How Deep Neural Networks Learn

Notes on Superposition, Memorization, Regularization, Double Descent, Model Ensembling to get insights.

neural network drawn on a blackboard in a class room

Deep neural network consumes input numbers, passes them through multi-layer neural network calculation, and produces a prediction. The loss function provides error how each prediction differs from the desired prediction target. Gradient descent calculates corrections to the network backwards through the layers. The neuron activation values in between the layers before the output, which form arrays of numbers (vectors), are called embeddings (representations).

neural network relu, sum, input, output

Gradient Descent Intuition

Gradient descent calculates weight corrections (gradients) with backpropagation algorithm. Backpropagation takes the distance from the correct results, and calculates gradients (derivatives) starting from the output results and iterating through neural network layers back to the input. Because deep neural networks have layered structure, backpropagation uses chain-rule and analytical derivatives for known functions. Backpropagation changes the neural weights in the opposite direction of the gradient with a small learning step. In this way, backpropagation increases or decreases reliance on neuron outputs in proportion to their influence on pointing towards the false label.

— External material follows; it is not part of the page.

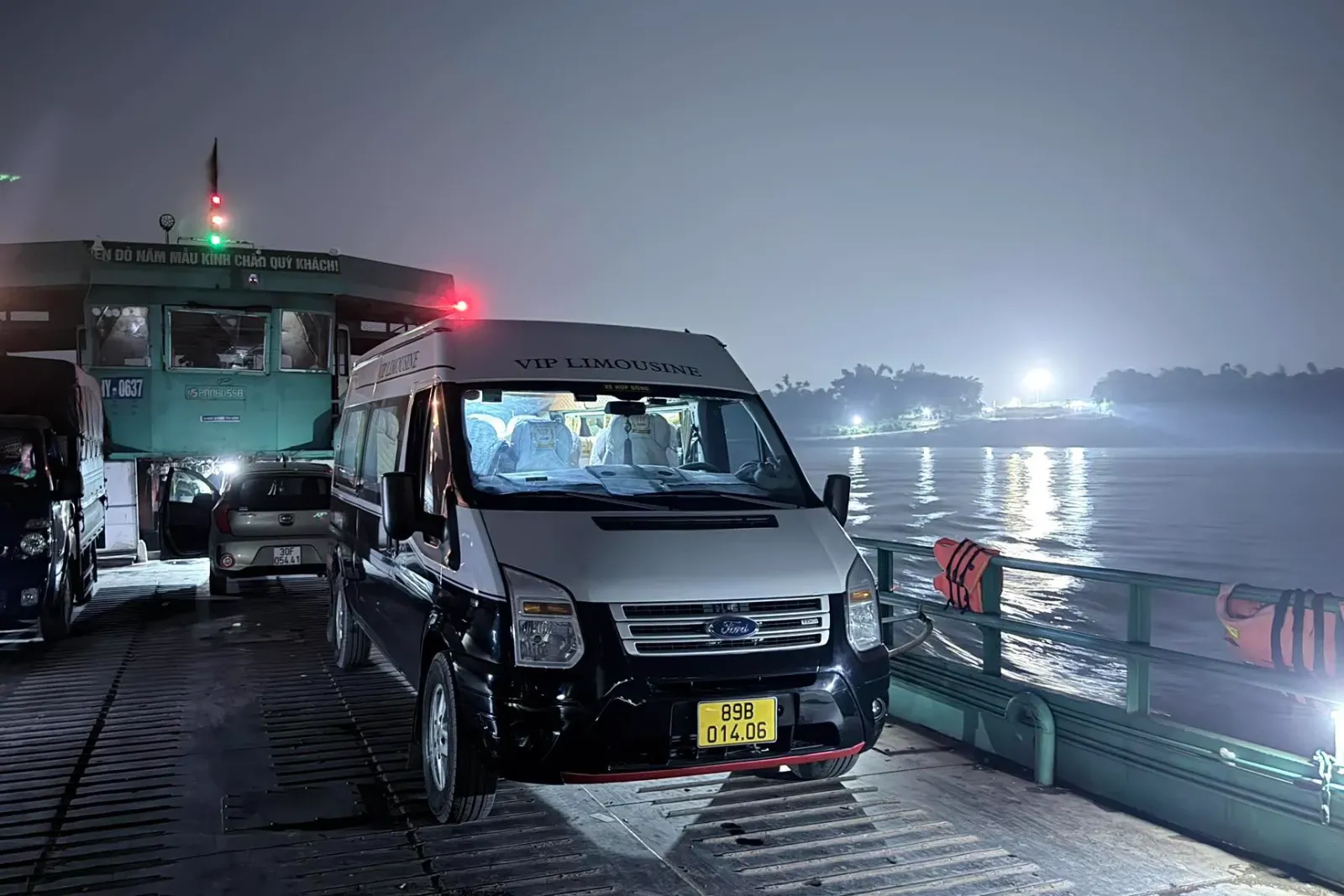 Đặt xe 16 chỗ Hưng Yên đi Lào Cai giá rẻ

What is Overfitting and Memorization and Regularization?

Overfitting refers to when model has low training set loss, but high testing-set loss. For example, if a model has sufficient capacity and “insufficient regularization”, it may memorize training data. Read more about overfitting and double descent here.

A decision tree is an if-else look up table and with sufficient size without pruning regularization can memorize training set. That is because the tree can create an individual bin for each dataset input, and then recover desired training set label.

If ReLU neuron activates, we can say that the neuron memorized to respond. Each neuron represents a dot-product of input vector with weight vector, and the dot-product is positively valued, the neuron outputs non-zero. Because we can have a bias values, this is not only direction but a hyperplane. In this way, we can see that a neural network of sufficient size can also learn to split hyperspace into planes, such that for each dataset input there is a bin into which a hidden representation will fall and which will activate a neuron corresponding to a label, so it can also overfit.

There are various regularization methods for neural networks to prevent overfitting and increase generalization. For example, see Dropout below.

Memorization in Neural Networks via Superposition

Let’s consider a fully connected neural network with a lower internal dimension than input and output. In a way, this is auto-encoder configuration.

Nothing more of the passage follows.